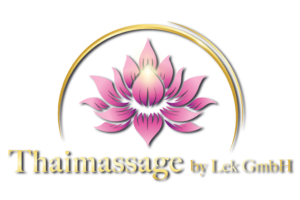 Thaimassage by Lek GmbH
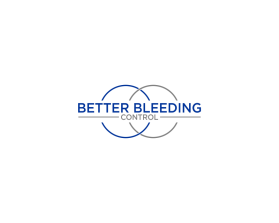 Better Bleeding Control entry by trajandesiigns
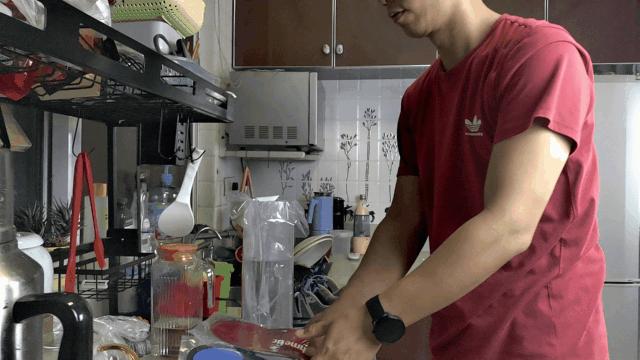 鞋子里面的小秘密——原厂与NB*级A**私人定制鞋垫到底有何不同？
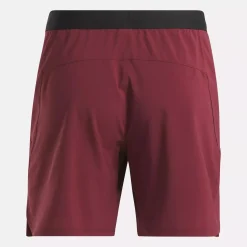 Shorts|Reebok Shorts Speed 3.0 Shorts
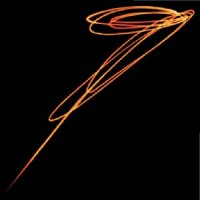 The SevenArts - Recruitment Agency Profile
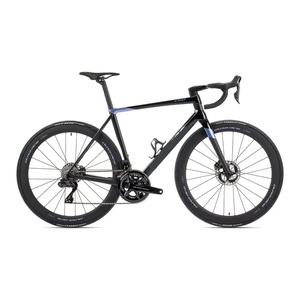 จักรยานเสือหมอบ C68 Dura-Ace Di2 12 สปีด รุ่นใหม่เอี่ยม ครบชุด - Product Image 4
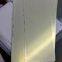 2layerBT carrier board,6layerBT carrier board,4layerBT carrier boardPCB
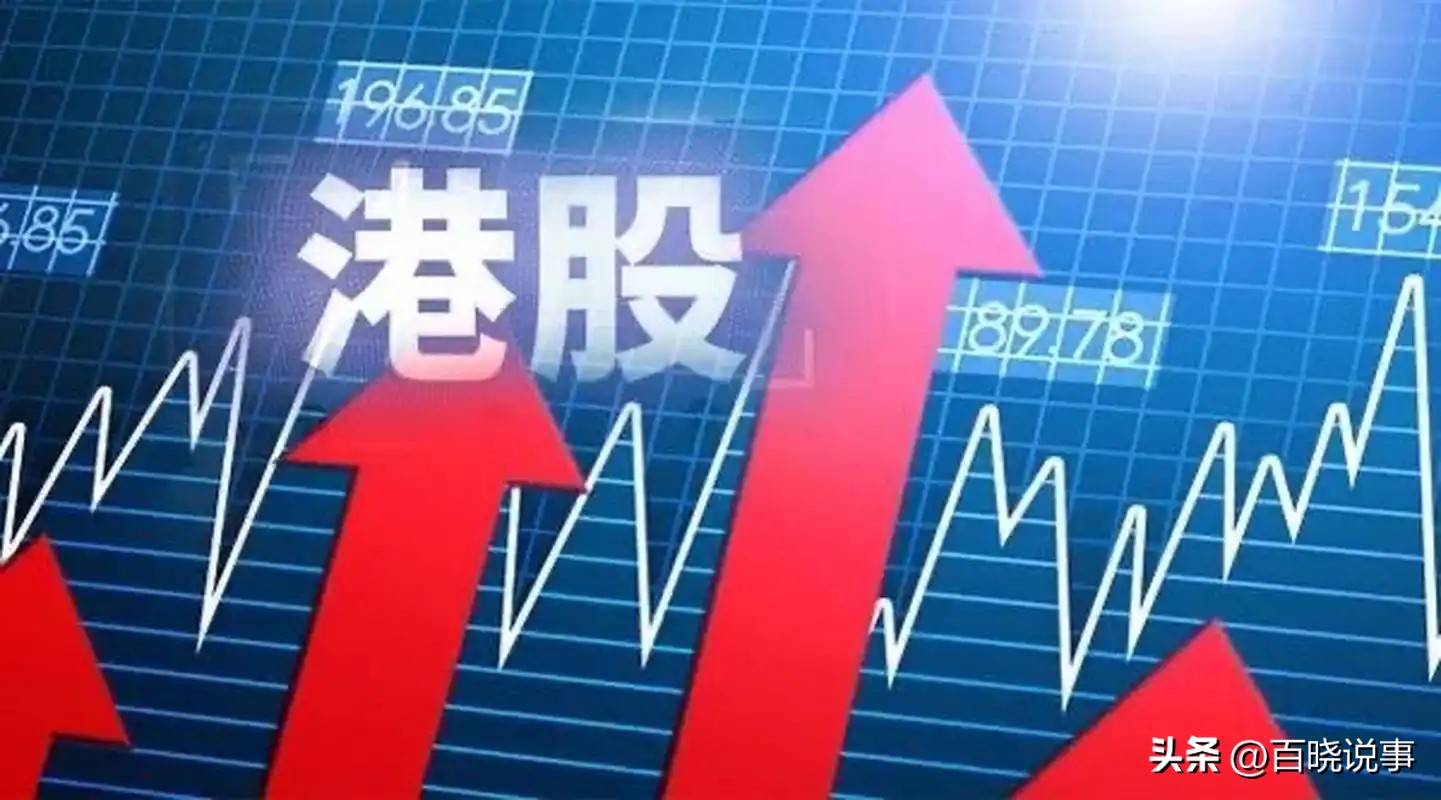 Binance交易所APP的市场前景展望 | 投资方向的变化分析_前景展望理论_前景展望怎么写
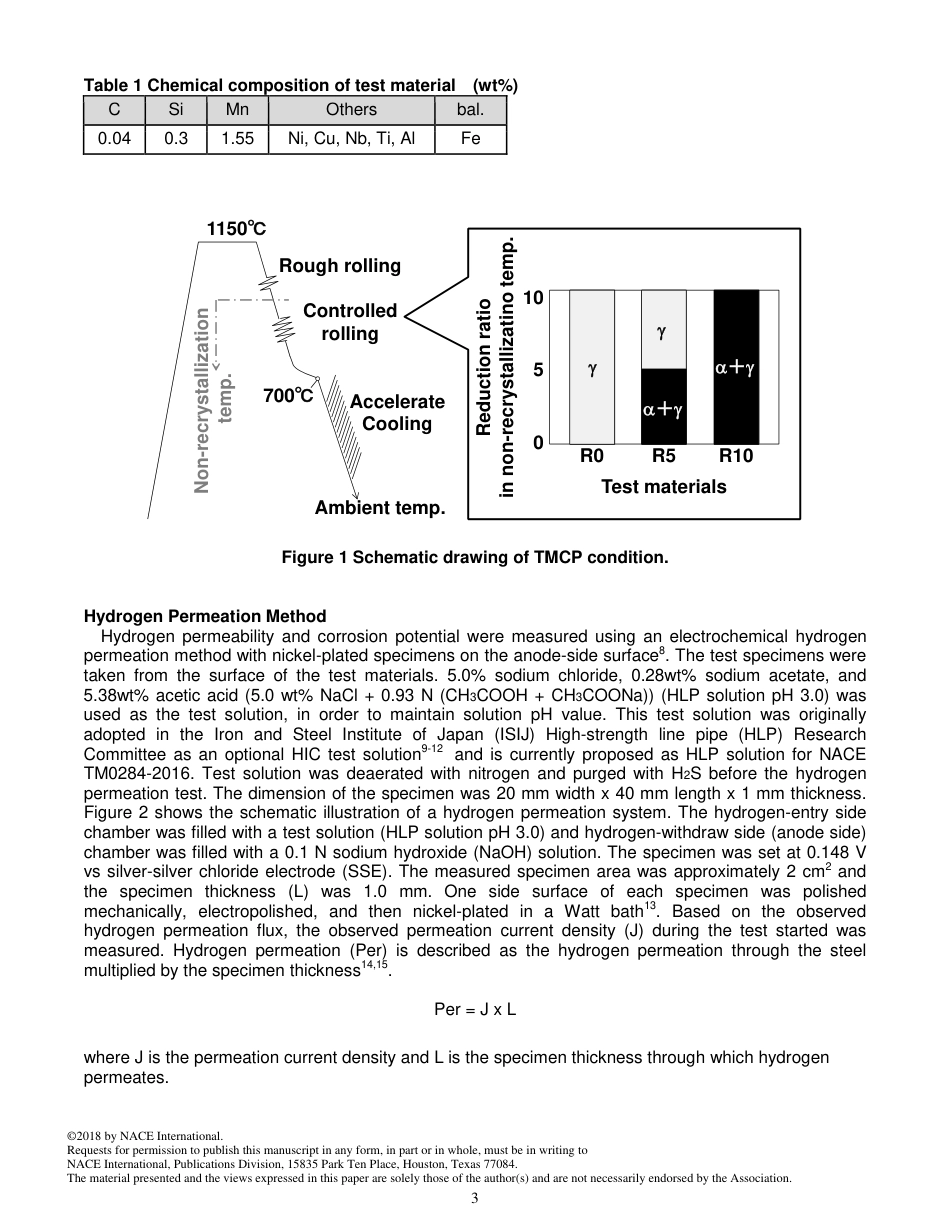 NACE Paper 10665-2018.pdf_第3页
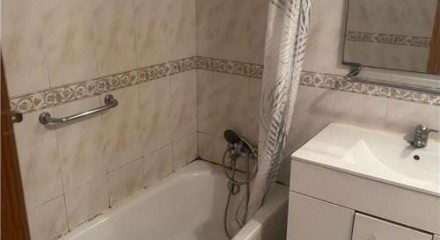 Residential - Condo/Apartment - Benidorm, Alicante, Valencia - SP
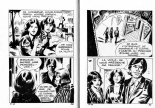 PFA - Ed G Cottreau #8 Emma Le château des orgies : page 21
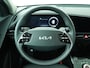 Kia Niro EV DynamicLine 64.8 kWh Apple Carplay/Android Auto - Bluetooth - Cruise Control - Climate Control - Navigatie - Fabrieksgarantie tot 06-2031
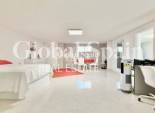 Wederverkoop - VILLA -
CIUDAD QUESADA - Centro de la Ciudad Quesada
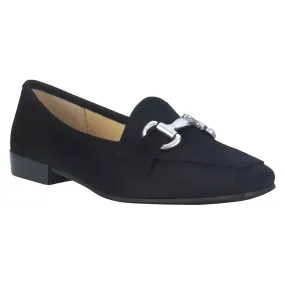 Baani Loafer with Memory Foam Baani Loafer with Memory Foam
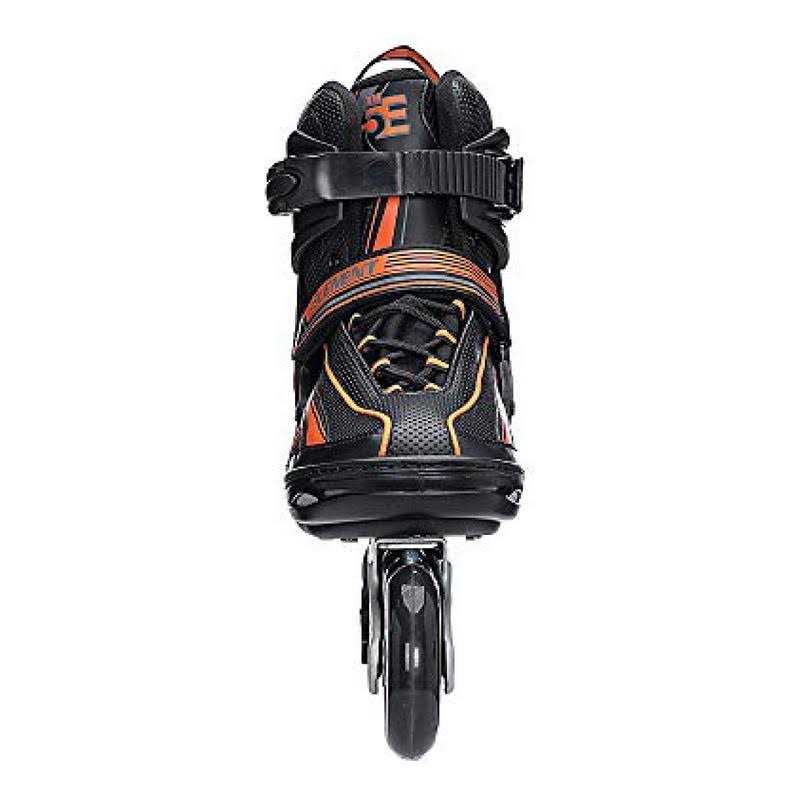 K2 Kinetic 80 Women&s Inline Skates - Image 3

### Your task
From the material above, write out exactly the lines from the line with "Better Bleeding Control" through the closing line, inclusive, and no pictures.

### Finished exercise
 Better Bleeding Control entry by trajandesiigns
 鞋子里面的小秘密——原厂与NB*级A**私人定制鞋垫到底有何不同？
 Shorts|Reebok Shorts Speed 3.0 Shorts
 The SevenArts - Recruitment Agency Profile
 จักรยานเสือหมอบ C68 Dura-Ace Di2 12 สปีด รุ่นใหม่เอี่ยม ครบชุด - Product Image 4
 2layerBT carrier board,6layerBT carrier board,4layerBT carrier boardPCB
 Binance交易所APP的市场前景展望 | 投资方向的变化分析_前景展望理论_前景展望怎么写
 NACE Paper 10665-2018.pdf_第3页
 Residential - Condo/Apartment - Benidorm, Alicante, Valencia - SP
 PFA - Ed G Cottreau #8 Emma Le château des orgies : page 21
 Kia Niro EV DynamicLine 64.8 kWh Apple Carplay/Android Auto - Bluetooth - Cruise Control - Climate Control - Navigatie - Fabrieksgarantie tot 06-2031
 Wederverkoop - VILLA -
CIUDAD QUESADA - Centro de la Ciudad Quesada
 Baani Loafer with Memory Foam Baani Loafer with Memory Foam
 K2 Kinetic 80 Women&s Inline Skates - Image 3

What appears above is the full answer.